# MATERIALS PROVIDED

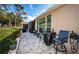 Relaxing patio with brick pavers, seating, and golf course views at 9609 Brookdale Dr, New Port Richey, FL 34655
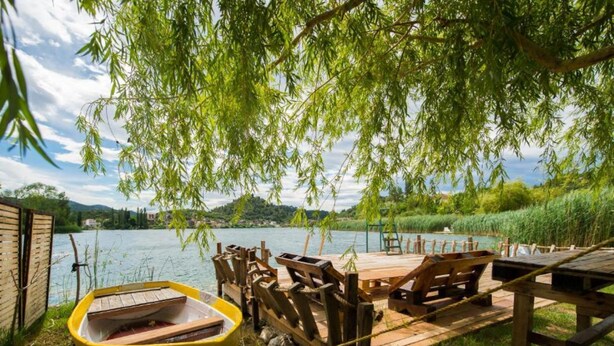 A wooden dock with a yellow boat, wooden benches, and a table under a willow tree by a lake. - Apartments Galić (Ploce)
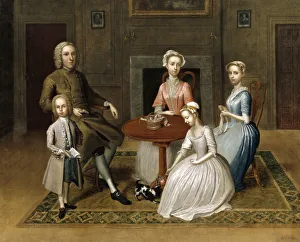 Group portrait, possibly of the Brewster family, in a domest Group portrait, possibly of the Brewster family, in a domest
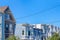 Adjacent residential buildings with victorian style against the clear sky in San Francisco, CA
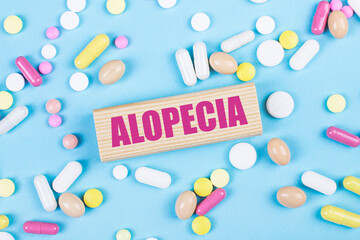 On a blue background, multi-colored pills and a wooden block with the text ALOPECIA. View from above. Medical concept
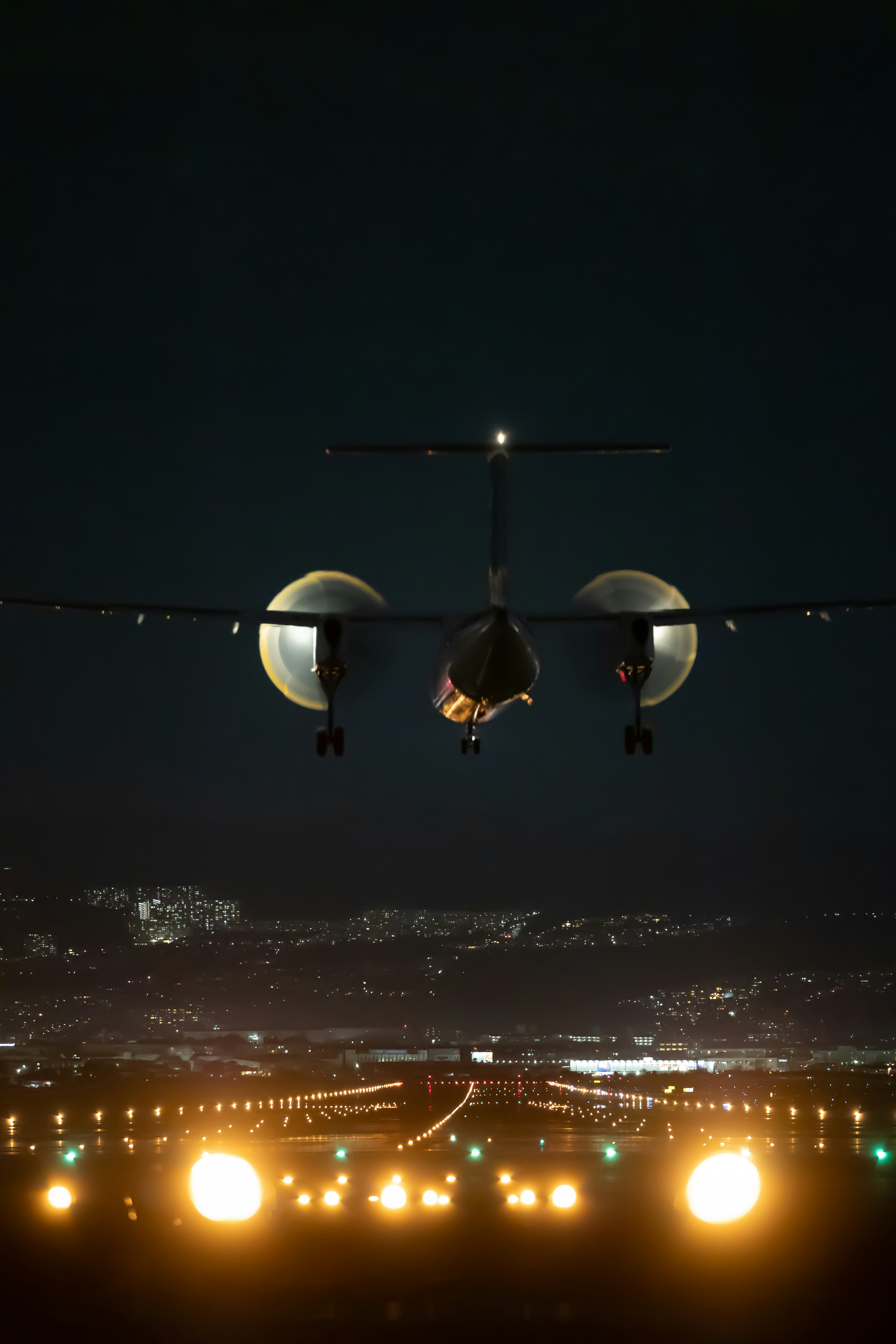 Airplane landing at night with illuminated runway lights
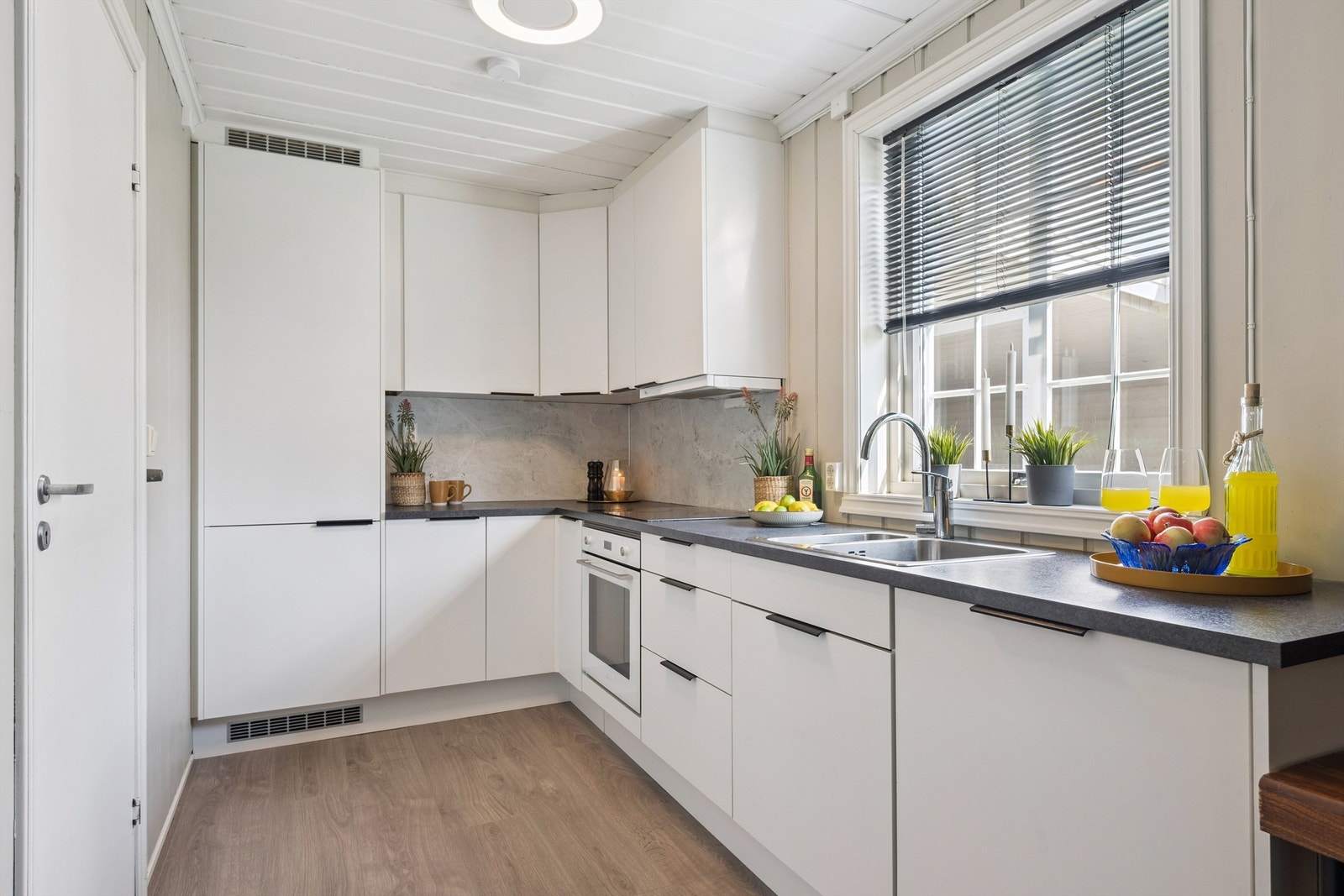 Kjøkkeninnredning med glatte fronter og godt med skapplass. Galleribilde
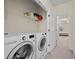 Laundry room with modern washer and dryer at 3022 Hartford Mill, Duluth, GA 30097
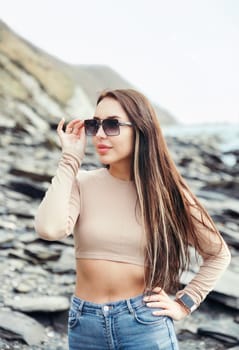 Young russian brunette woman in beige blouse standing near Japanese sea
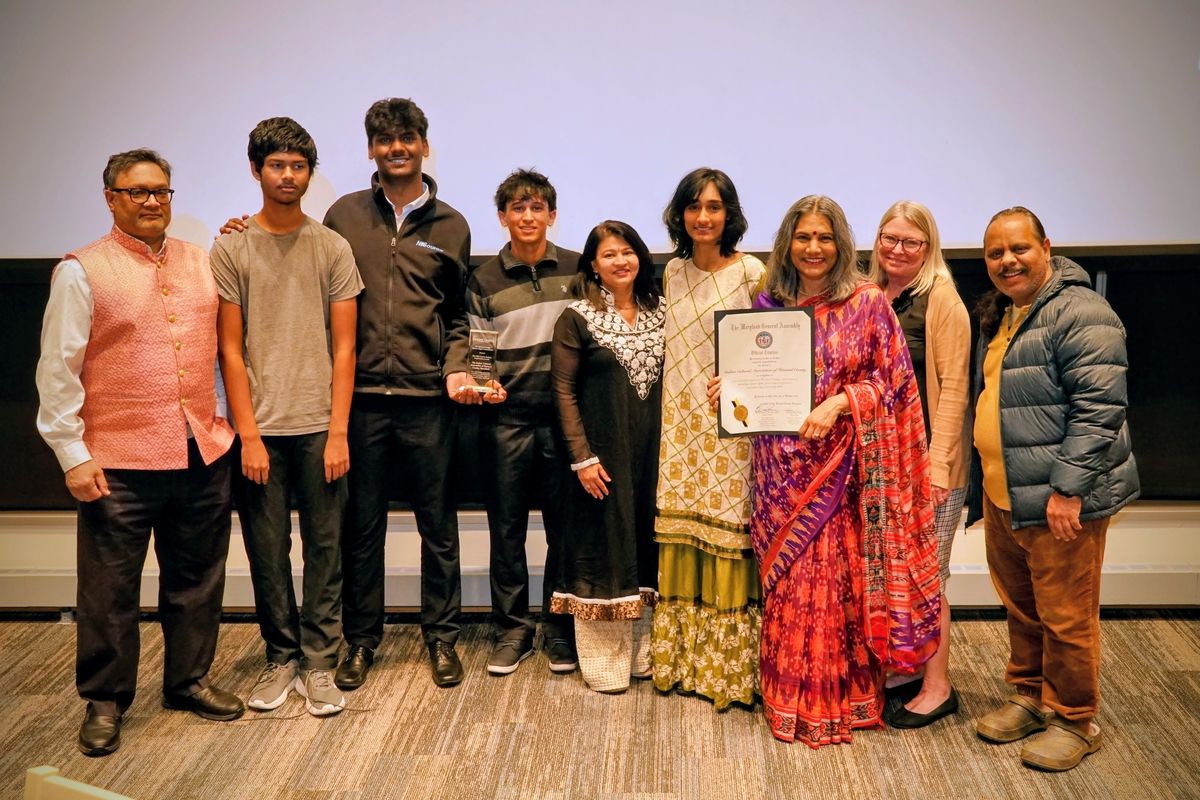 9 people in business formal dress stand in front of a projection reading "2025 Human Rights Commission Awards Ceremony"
---
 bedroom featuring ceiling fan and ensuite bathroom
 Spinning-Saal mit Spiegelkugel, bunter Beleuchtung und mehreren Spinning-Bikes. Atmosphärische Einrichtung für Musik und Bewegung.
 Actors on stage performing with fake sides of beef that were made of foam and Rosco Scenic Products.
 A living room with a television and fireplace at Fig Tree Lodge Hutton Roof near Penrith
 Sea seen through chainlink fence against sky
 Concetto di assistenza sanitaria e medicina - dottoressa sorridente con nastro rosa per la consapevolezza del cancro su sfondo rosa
==
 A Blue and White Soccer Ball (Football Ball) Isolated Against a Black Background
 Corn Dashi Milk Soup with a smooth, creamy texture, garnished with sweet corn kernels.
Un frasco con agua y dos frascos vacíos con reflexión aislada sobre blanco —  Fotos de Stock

# GOAL OF THE EXERCISE
Using the data above, copy exactly the lines from the one containing "Relaxing patio with" to the one containing "9 people in", inclusive. Exclude the pictures.

# EXERCISE RESULT
 Relaxing patio with brick pavers, seating, and golf course views at 9609 Brookdale Dr, New Port Richey, FL 34655
 A wooden dock with a yellow boat, wooden benches, and a table under a willow tree by a lake. - Apartments Galić (Ploce)
 Group portrait, possibly of the Brewster family, in a domest Group portrait, possibly of the Brewster family, in a domest
 Adjacent residential buildings with victorian style against the clear sky in San Francisco, CA
 On a blue background, multi-colored pills and a wooden block with the text ALOPECIA. View from above. Medical concept
 Airplane landing at night with illuminated runway lights
 Kjøkkeninnredning med glatte fronter og godt med skapplass. Galleribilde
 Laundry room with modern washer and dryer at 3022 Hartford Mill, Duluth, GA 30097
 Young russian brunette woman in beige blouse standing near Japanese sea
 9 people in business formal dress stand in front of a projection reading "2025 Human Rights Commission Awards Ceremony"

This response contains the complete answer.